=== Data extract ===
-*-
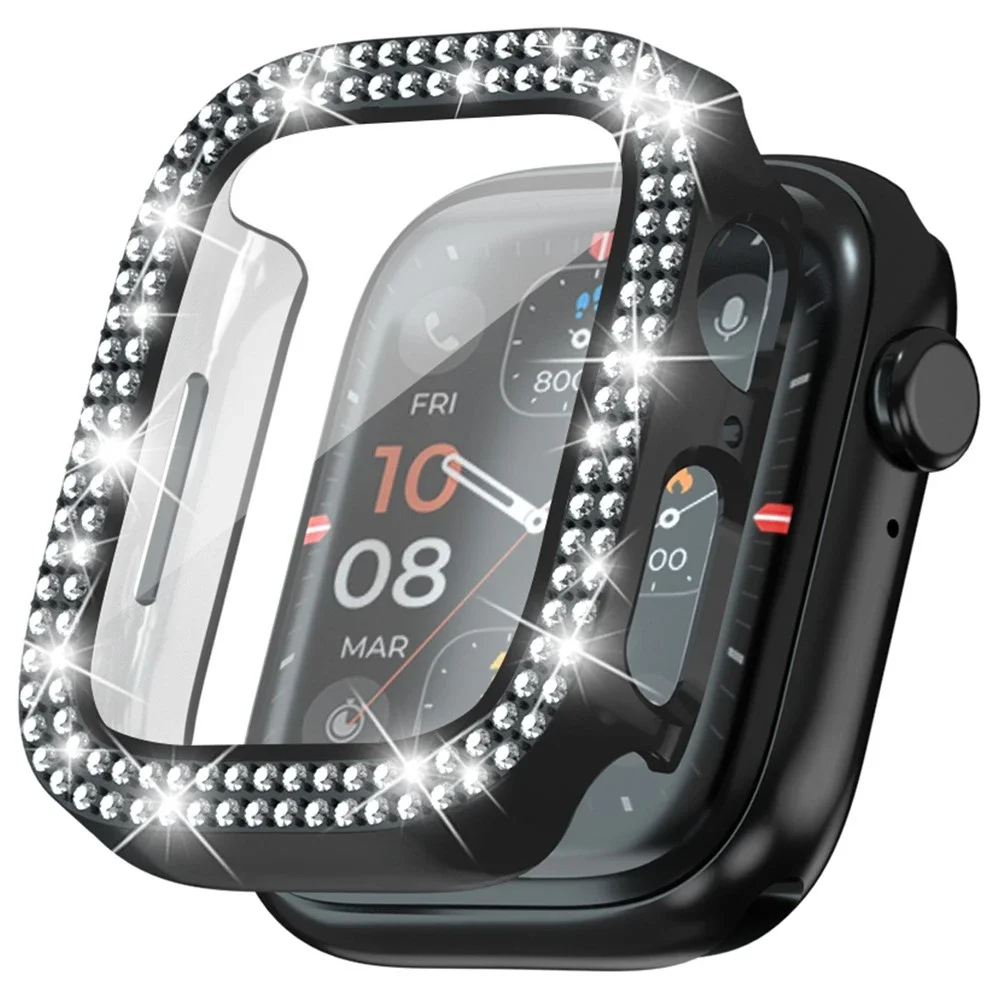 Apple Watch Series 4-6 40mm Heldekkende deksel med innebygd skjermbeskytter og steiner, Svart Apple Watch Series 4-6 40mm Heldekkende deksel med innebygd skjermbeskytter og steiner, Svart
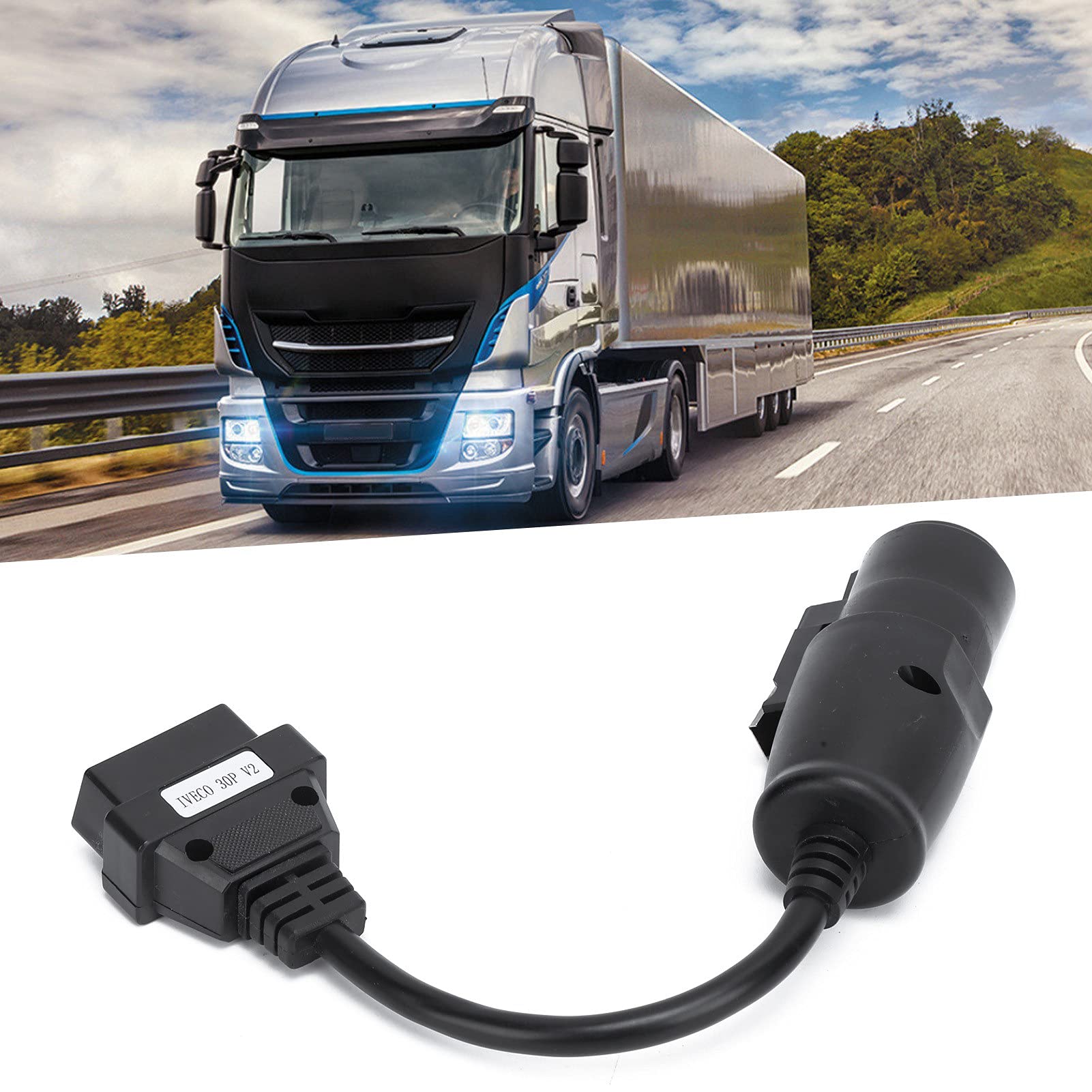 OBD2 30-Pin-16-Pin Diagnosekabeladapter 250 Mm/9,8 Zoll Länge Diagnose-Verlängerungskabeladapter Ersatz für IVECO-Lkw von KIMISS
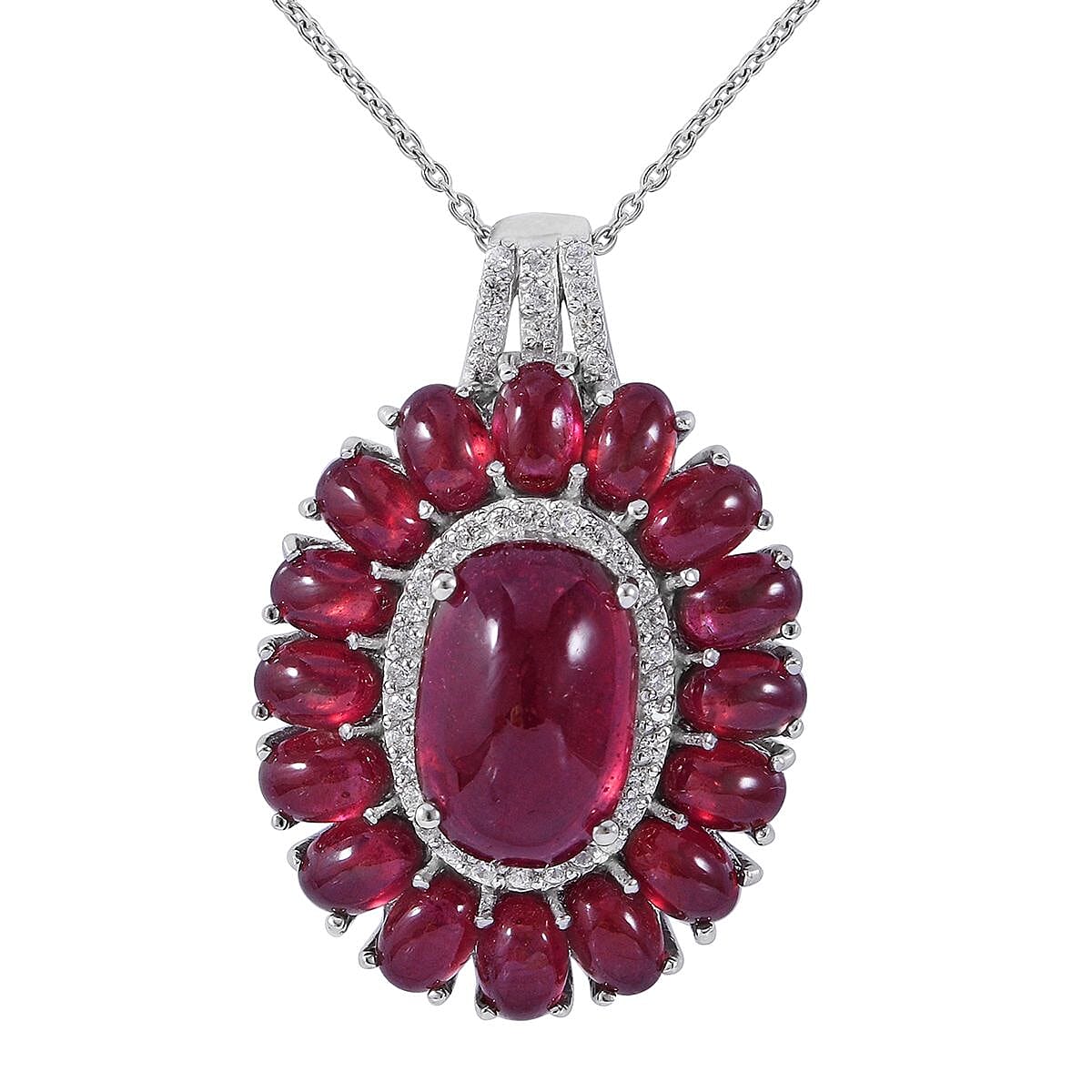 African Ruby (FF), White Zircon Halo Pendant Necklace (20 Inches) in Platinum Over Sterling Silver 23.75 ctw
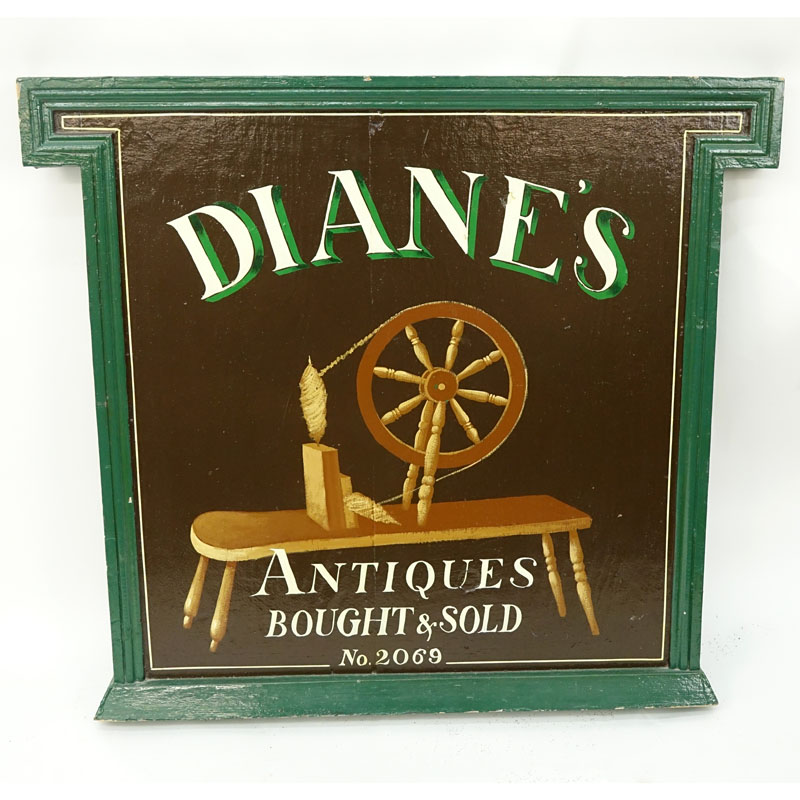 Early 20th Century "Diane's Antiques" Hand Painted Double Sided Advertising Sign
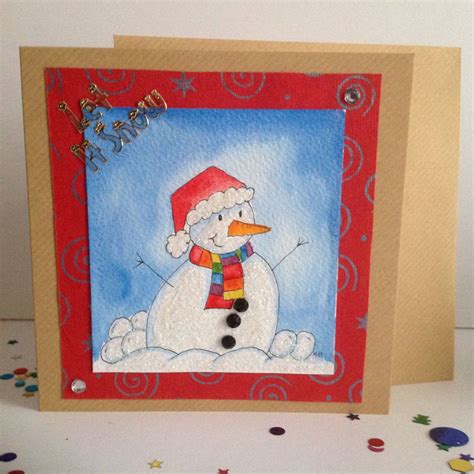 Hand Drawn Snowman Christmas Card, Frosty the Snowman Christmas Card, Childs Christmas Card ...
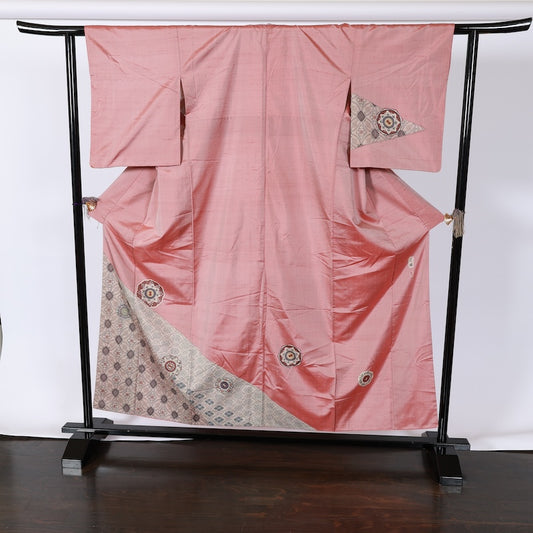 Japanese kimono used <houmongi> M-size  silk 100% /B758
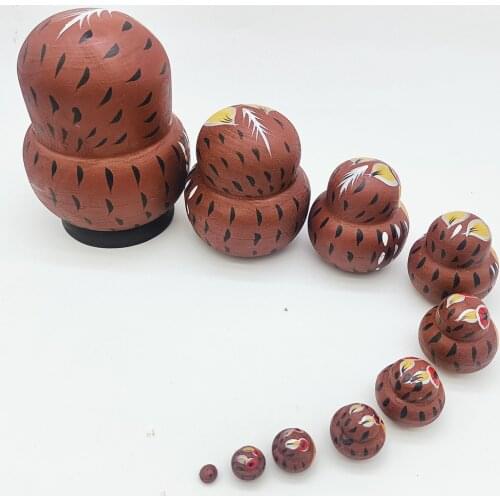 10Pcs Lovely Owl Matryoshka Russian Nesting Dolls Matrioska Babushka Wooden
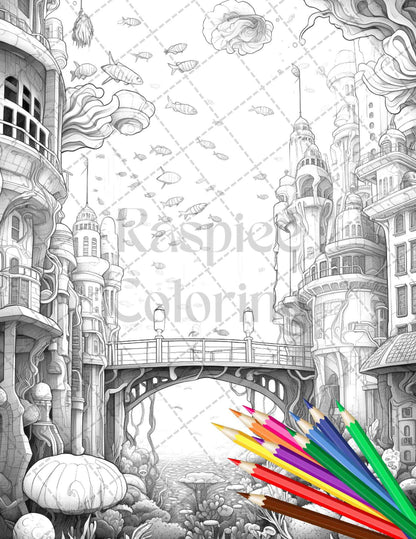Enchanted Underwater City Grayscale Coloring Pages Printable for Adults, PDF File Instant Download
-*-
Omit the pictures, then print the rest of the listing above exactly.

=== Answer to this task ===
 Apple Watch Series 4-6 40mm Heldekkende deksel med innebygd skjermbeskytter og steiner, Svart Apple Watch Series 4-6 40mm Heldekkende deksel med innebygd skjermbeskytter og steiner, Svart
 OBD2 30-Pin-16-Pin Diagnosekabeladapter 250 Mm/9,8 Zoll Länge Diagnose-Verlängerungskabeladapter Ersatz für IVECO-Lkw von KIMISS
 African Ruby (FF), White Zircon Halo Pendant Necklace (20 Inches) in Platinum Over Sterling Silver 23.75 ctw
 Early 20th Century "Diane's Antiques" Hand Painted Double Sided Advertising Sign
 Hand Drawn Snowman Christmas Card, Frosty the Snowman Christmas Card, Childs Christmas Card ...
 Japanese kimono used <houmongi> M-size  silk 100% /B758
 10Pcs Lovely Owl Matryoshka Russian Nesting Dolls Matrioska Babushka Wooden
Enchanted Underwater City Grayscale Coloring Pages Printable for Adults, PDF File Instant Download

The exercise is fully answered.